▶ [Instructions for the task]
Hand back, word for word, the lines from the one containing "Ein Fernsehbildschirm mit" to the end of the records, both included, and leave out pictures.

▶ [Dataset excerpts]
+===+
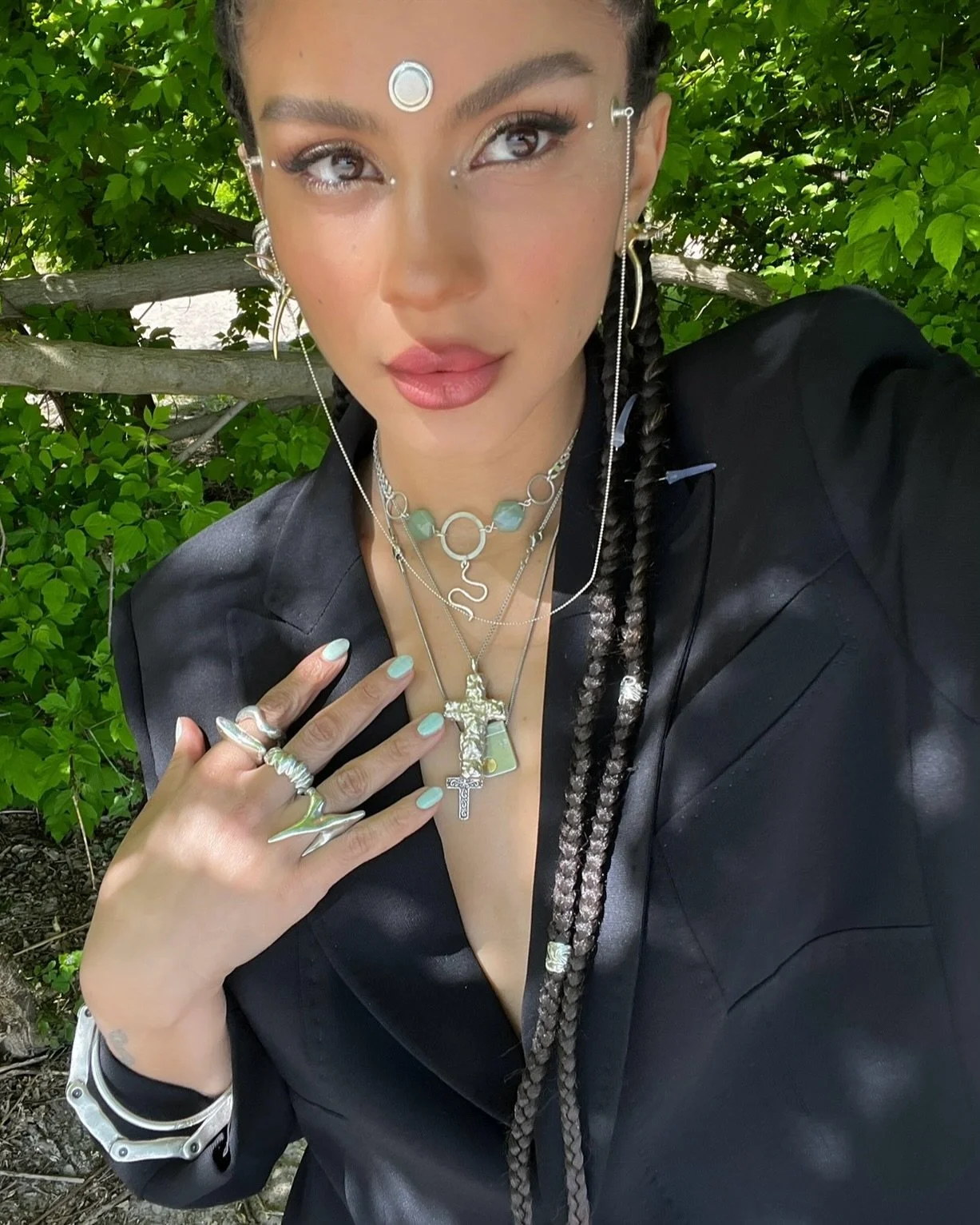 Because sometimes, more is more! 🐍
@itsskiy stuns in her full silver glam! 

I love layering jewelry: it lets you express your personality in a unique way. Every combination tells its own story, every single day!

#handmadejewelry #layerednecklaces 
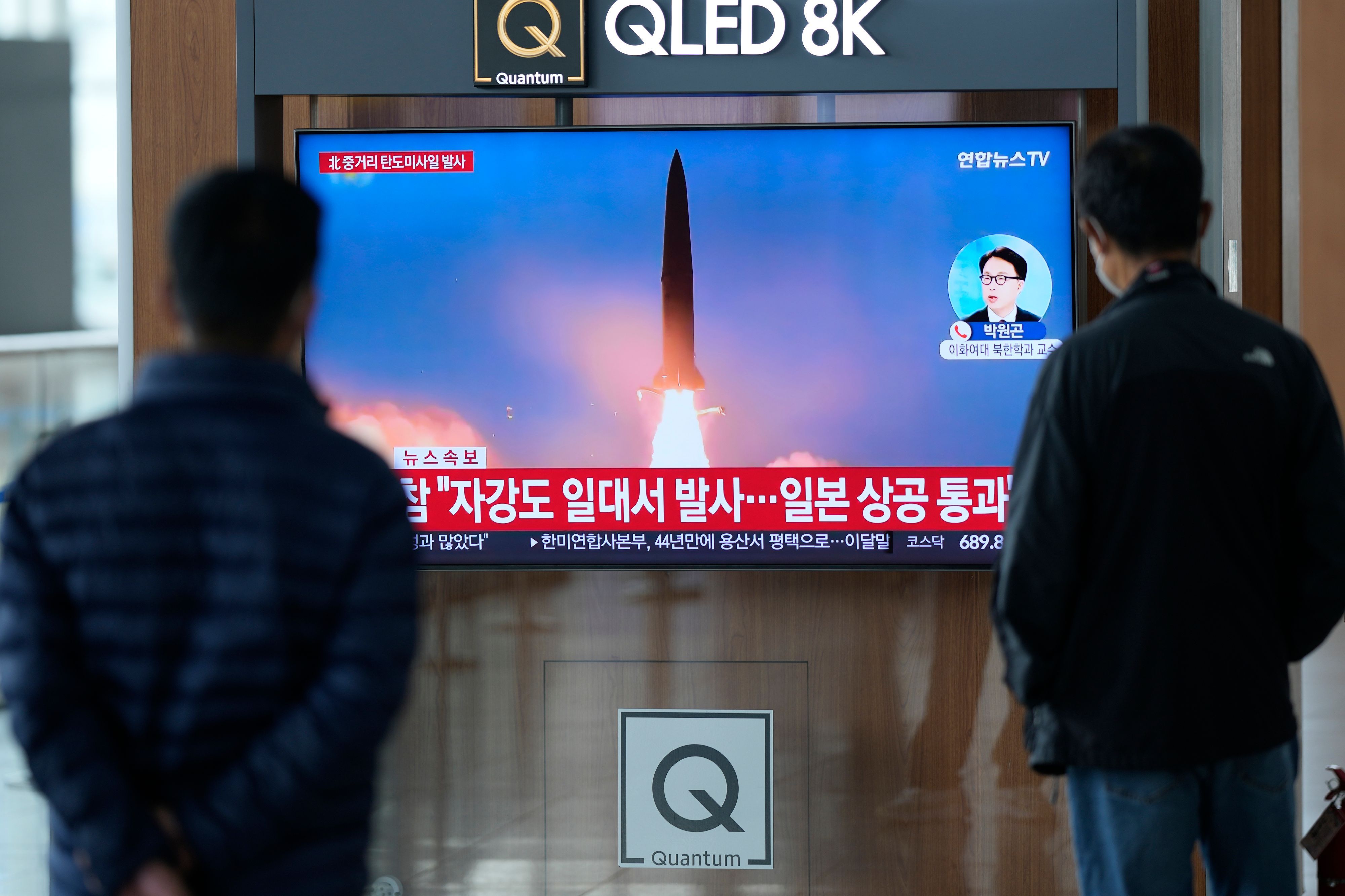Ein Fernsehbildschirm mit einer Nachrichtensendung, die über Nordkoreas Raketenstart berichtet, ist im Bahnhof von Seoul in Südkorea zu sehen.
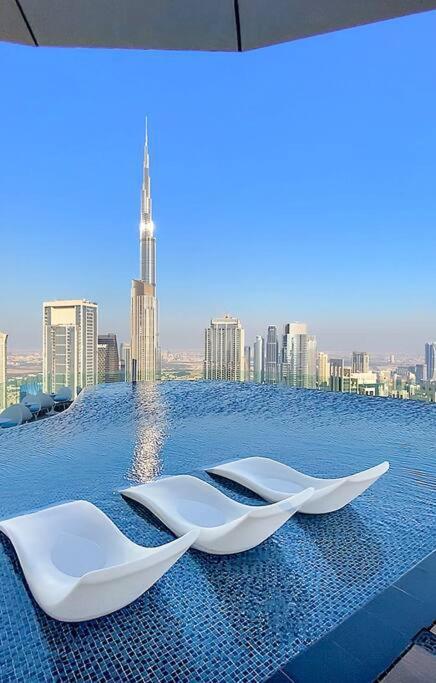 First Class 2Br Luxurious High-Floor Suite Dubai Exterior photo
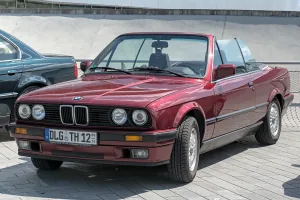 Po opuszczeniu dachu nad kabiną nie zostaje nic — BMW usunęło w cabrio słupki B i C powyżej linii drzwi. Za tę sylwetkę auto zapłaciło masą wyższą o ok. 110 kg od odpowiadającego mu sedana.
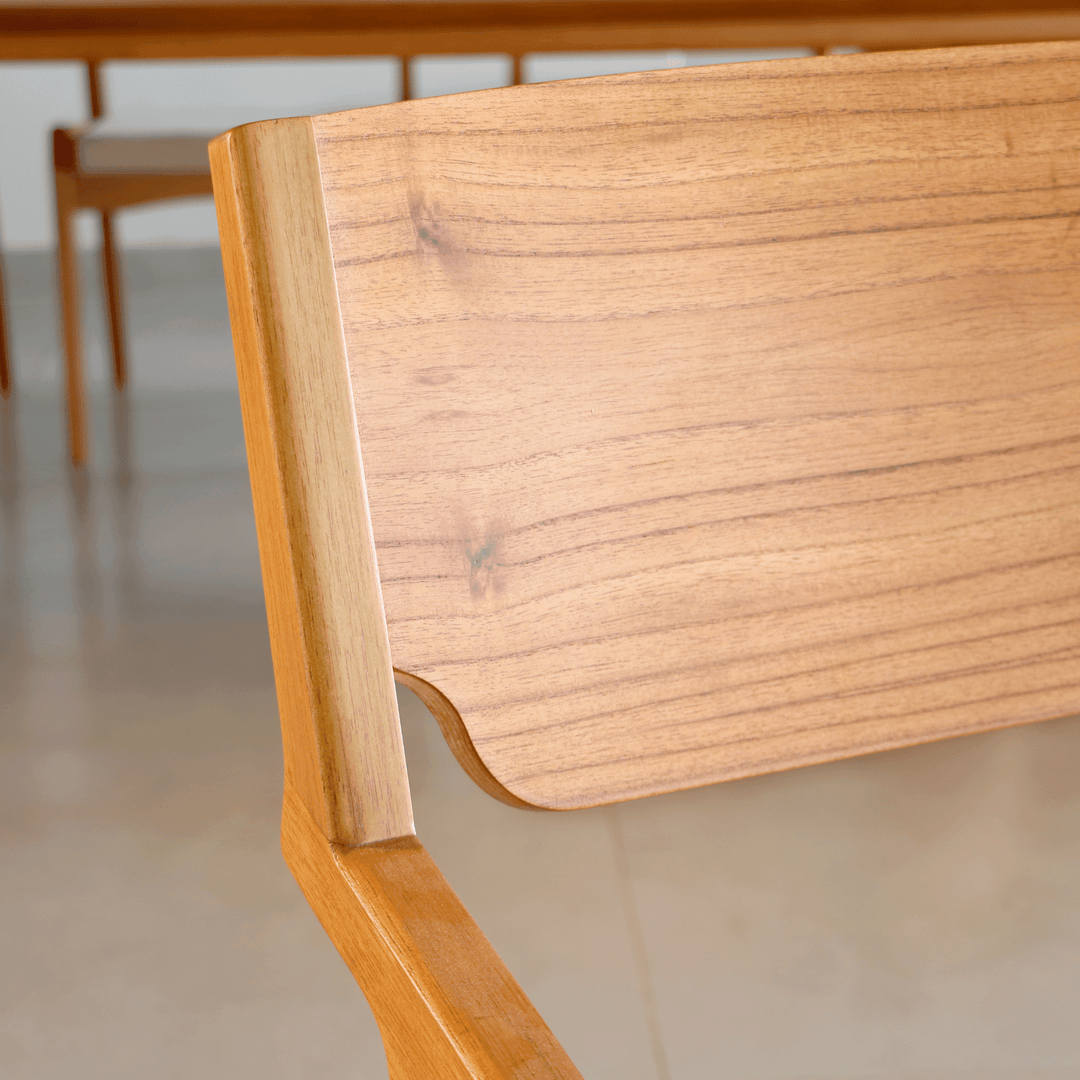 Cadeira Gaya em Madeira Maciça Natural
+===+
▶ [Answer for this exercise]
Ein Fernsehbildschirm mit einer Nachrichtensendung, die über Nordkoreas Raketenstart berichtet, ist im Bahnhof von Seoul in Südkorea zu sehen.
 First Class 2Br Luxurious High-Floor Suite Dubai Exterior photo
 Po opuszczeniu dachu nad kabiną nie zostaje nic — BMW usunęło w cabrio słupki B i C powyżej linii drzwi. Za tę sylwetkę auto zapłaciło masą wyższą o ok. 110 kg od odpowiadającego mu sedana.
 Cadeira Gaya em Madeira Maciça Natural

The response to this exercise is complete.